Assigned task: The entries below hold a line with "Young couple in" and a line with "Amy Byer Girls'". Return those lines and all that lie between them, exactly and only.

Extracted records:
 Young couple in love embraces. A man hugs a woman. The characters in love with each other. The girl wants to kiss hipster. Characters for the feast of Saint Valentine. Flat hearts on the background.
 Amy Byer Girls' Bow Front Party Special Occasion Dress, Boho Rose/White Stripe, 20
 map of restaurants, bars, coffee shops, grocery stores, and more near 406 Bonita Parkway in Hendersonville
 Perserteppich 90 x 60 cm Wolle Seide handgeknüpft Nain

* * *

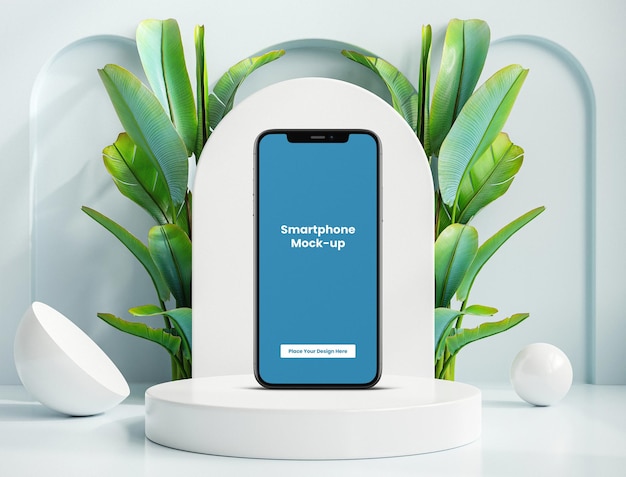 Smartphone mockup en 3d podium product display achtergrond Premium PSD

* * *

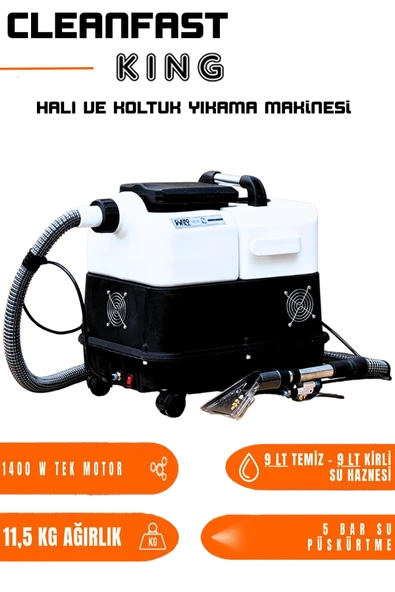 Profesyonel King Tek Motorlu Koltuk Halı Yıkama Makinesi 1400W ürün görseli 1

Answer below:
 Young couple in love embraces. A man hugs a woman. The characters in love with each other. The girl wants to kiss hipster. Characters for the feast of Saint Valentine. Flat hearts on the background.
 Amy Byer Girls' Bow Front Party Special Occasion Dress, Boho Rose/White Stripe, 20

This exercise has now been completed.